A new low-voltage device that can convert electric pulses into optical signals at rates greater than 100 gigahertz (GHz) could find applications in the telecommunications and computer industries. Yongqiang Shi from TACAN Corporation in California and colleagues made the device by altering the shape of organic electro-optic molecules called chromophores that are embedded in a polymer matrix. The new shapes minimized the electric field interactions between the chromophores, thus enhancing the electro-optic properties of the device (Science 288 119).

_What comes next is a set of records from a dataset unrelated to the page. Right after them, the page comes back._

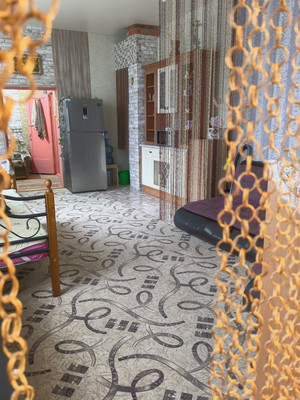 Продам двухкомнатную (2-комн.) квартиру, ОПХ Восход ул, 19, Лопарская ж/д_ст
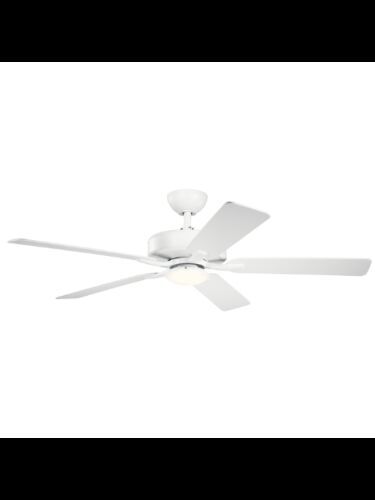 kichler_330019wh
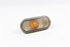 Picture of Farolim pisca guarda lamas direito Seat Toledo de 1999 a 2004 | 3B0949117C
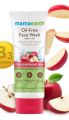 Mamaearth Oil Free Face Wash  100ml. 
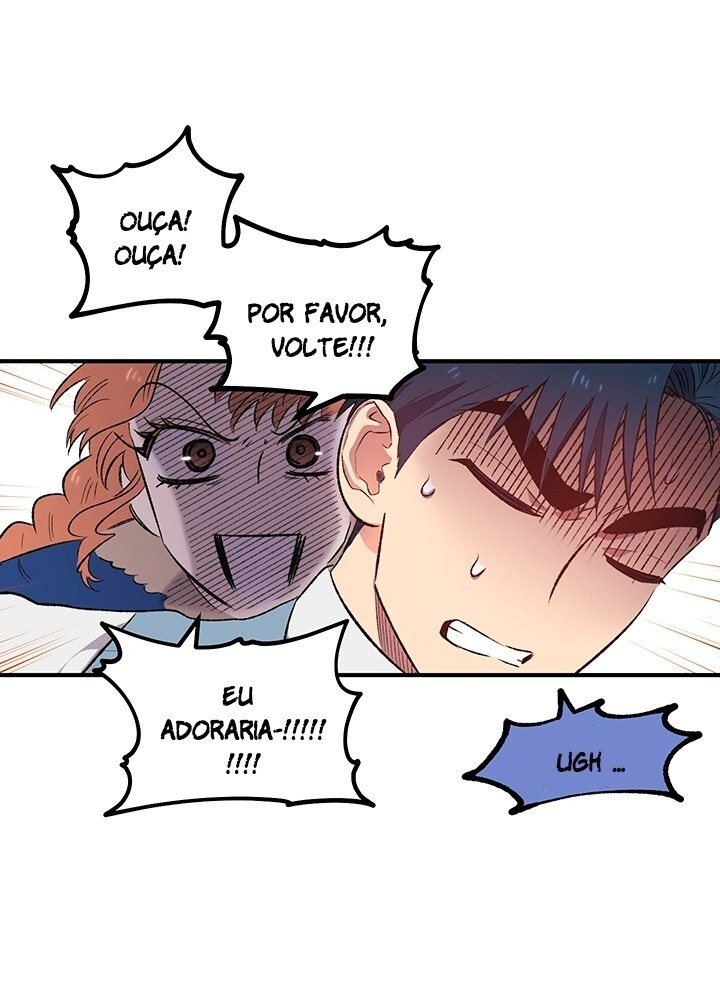 Cap 4 página 45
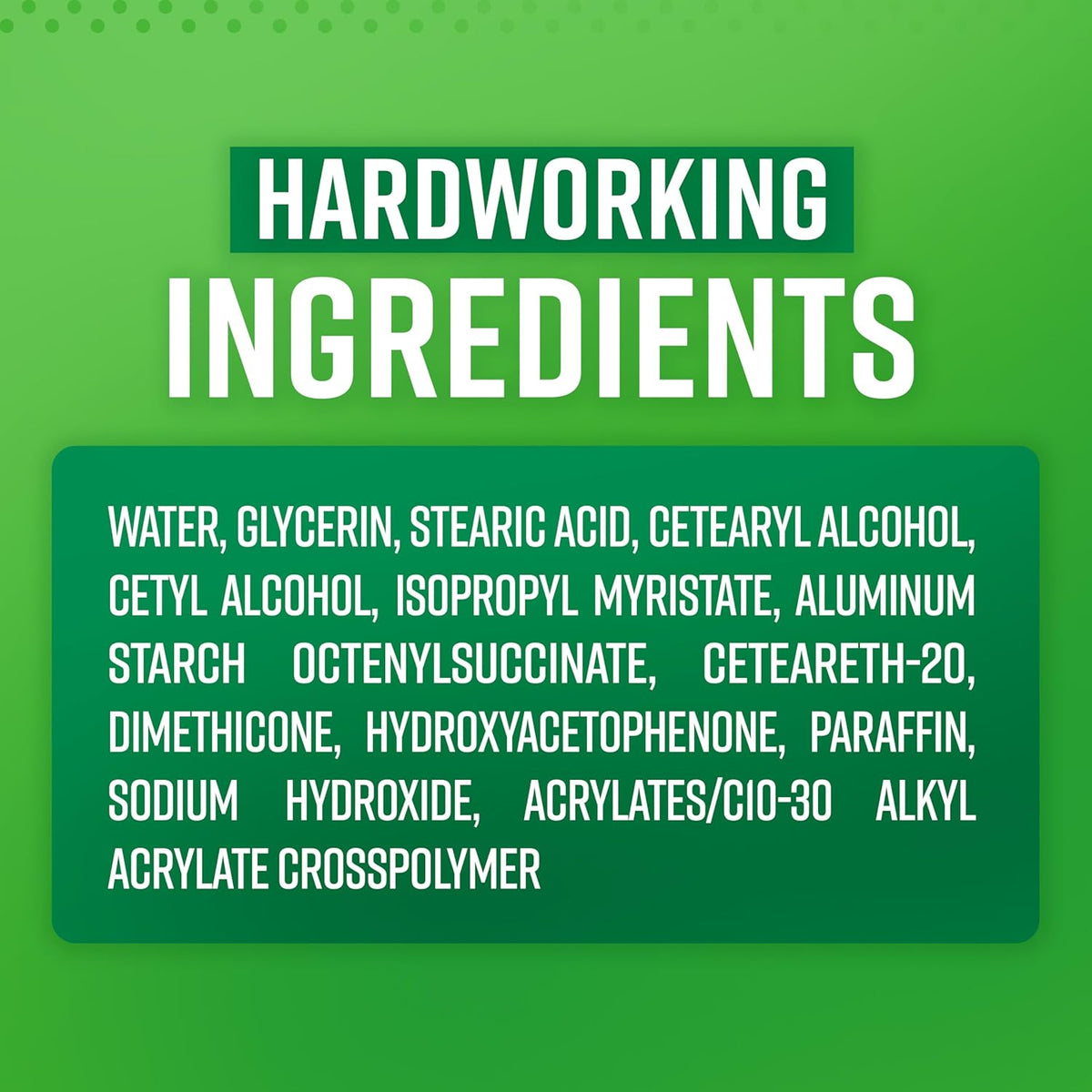 O'Keeffe's Working Hands Hand Cream for Extreme Dryness - 3 oz Tube (2 Pack) - Repairing Skincare for Cracked, Dry Hands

Converting electrical signals into optical pulses is one of the speed ‘bottlenecks’ in current telecommunications systems. To reach high data speeds, a series of electro-optic devices called modulators, all operating at different wavelengths, are used. The most common modulators are based on a lithium niobate compound, but they require high voltages (5 V) to work. The devices also have limited gain and high noise levels.
The new polymer modulators only require 1 volt to work, which reduces energy consumption and heating in the device. Although lithium niobate modulators currently only operate at 2.5 GHz, a new technique based on so-called Bragg gratings is expected to reduce the voltage needed to operate them, and also increase the transmission rate to 100 GHz. However, the fact that the modulators still generate heat and cannot be integrated directly onto silicon chips could leave a gap in the market for the new polymer devices.